● WORK REQUIRED
Set every line of the listing down again, keeping it identical.

● TASK DATA
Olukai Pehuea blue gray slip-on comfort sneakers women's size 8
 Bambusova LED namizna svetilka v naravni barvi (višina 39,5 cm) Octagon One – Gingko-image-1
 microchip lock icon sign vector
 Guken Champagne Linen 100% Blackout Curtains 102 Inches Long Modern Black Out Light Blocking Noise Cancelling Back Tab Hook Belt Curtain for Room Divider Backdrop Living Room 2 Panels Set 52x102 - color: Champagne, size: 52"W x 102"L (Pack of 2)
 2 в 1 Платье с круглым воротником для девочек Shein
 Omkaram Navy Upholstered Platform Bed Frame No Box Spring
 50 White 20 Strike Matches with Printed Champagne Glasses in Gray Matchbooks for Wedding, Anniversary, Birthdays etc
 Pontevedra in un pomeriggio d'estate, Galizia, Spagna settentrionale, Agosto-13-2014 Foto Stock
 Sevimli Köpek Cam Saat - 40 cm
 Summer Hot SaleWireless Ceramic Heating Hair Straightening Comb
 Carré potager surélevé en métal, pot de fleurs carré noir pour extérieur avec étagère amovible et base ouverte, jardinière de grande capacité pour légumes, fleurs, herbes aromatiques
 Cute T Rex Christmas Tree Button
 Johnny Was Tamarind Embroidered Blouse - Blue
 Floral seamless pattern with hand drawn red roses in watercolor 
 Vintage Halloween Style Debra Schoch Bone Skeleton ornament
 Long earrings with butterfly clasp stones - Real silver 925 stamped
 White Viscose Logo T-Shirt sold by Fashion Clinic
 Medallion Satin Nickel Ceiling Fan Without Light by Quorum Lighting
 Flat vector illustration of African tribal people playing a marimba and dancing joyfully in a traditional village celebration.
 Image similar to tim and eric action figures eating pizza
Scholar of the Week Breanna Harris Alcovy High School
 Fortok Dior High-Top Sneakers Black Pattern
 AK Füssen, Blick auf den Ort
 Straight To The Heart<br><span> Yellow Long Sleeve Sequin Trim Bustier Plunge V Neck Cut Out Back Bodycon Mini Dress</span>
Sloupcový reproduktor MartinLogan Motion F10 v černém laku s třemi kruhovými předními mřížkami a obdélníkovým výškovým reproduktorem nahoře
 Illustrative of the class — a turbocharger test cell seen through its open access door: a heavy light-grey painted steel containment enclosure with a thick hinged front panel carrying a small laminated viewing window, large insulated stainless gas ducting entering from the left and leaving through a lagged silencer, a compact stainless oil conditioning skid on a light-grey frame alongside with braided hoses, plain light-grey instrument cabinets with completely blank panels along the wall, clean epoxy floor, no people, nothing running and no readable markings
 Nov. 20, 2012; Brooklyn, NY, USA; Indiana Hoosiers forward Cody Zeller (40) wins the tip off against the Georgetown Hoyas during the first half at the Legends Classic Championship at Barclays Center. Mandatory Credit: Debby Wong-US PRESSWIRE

● TASK RESULT
Olukai Pehuea blue gray slip-on comfort sneakers women's size 8
 Bambusova LED namizna svetilka v naravni barvi (višina 39,5 cm) Octagon One – Gingko-image-1
 microchip lock icon sign vector
 Guken Champagne Linen 100% Blackout Curtains 102 Inches Long Modern Black Out Light Blocking Noise Cancelling Back Tab Hook Belt Curtain for Room Divider Backdrop Living Room 2 Panels Set 52x102 - color: Champagne, size: 52"W x 102"L (Pack of 2)
 2 в 1 Платье с круглым воротником для девочек Shein
 Omkaram Navy Upholstered Platform Bed Frame No Box Spring
 50 White 20 Strike Matches with Printed Champagne Glasses in Gray Matchbooks for Wedding, Anniversary, Birthdays etc
 Pontevedra in un pomeriggio d'estate, Galizia, Spagna settentrionale, Agosto-13-2014 Foto Stock
 Sevimli Köpek Cam Saat - 40 cm
 Summer Hot SaleWireless Ceramic Heating Hair Straightening Comb
 Carré potager surélevé en métal, pot de fleurs carré noir pour extérieur avec étagère amovible et base ouverte, jardinière de grande capacité pour légumes, fleurs, herbes aromatiques
 Cute T Rex Christmas Tree Button
 Johnny Was Tamarind Embroidered Blouse - Blue
 Floral seamless pattern with hand drawn red roses in watercolor 
 Vintage Halloween Style Debra Schoch Bone Skeleton ornament
 Long earrings with butterfly clasp stones - Real silver 925 stamped
 White Viscose Logo T-Shirt sold by Fashion Clinic
 Medallion Satin Nickel Ceiling Fan Without Light by Quorum Lighting
 Flat vector illustration of African tribal people playing a marimba and dancing joyfully in a traditional village celebration.
 Image similar to tim and eric action figures eating pizza
Scholar of the Week Breanna Harris Alcovy High School
 Fortok Dior High-Top Sneakers Black Pattern
 AK Füssen, Blick auf den Ort
 Straight To The Heart<br><span> Yellow Long Sleeve Sequin Trim Bustier Plunge V Neck Cut Out Back Bodycon Mini Dress</span>
Sloupcový reproduktor MartinLogan Motion F10 v černém laku s třemi kruhovými předními mřížkami a obdélníkovým výškovým reproduktorem nahoře
 Illustrative of the class — a turbocharger test cell seen through its open access door: a heavy light-grey painted steel containment enclosure with a thick hinged front panel carrying a small laminated viewing window, large insulated stainless gas ducting entering from the left and leaving through a lagged silencer, a compact stainless oil conditioning skid on a light-grey frame alongside with braided hoses, plain light-grey instrument cabinets with completely blank panels along the wall, clean epoxy floor, no people, nothing running and no readable markings
 Nov. 20, 2012; Brooklyn, NY, USA; Indiana Hoosiers forward Cody Zeller (40) wins the tip off against the Georgetown Hoyas during the first half at the Legends Classic Championship at Barclays Center. Mandatory Credit: Debby Wong-US PRESSWIRE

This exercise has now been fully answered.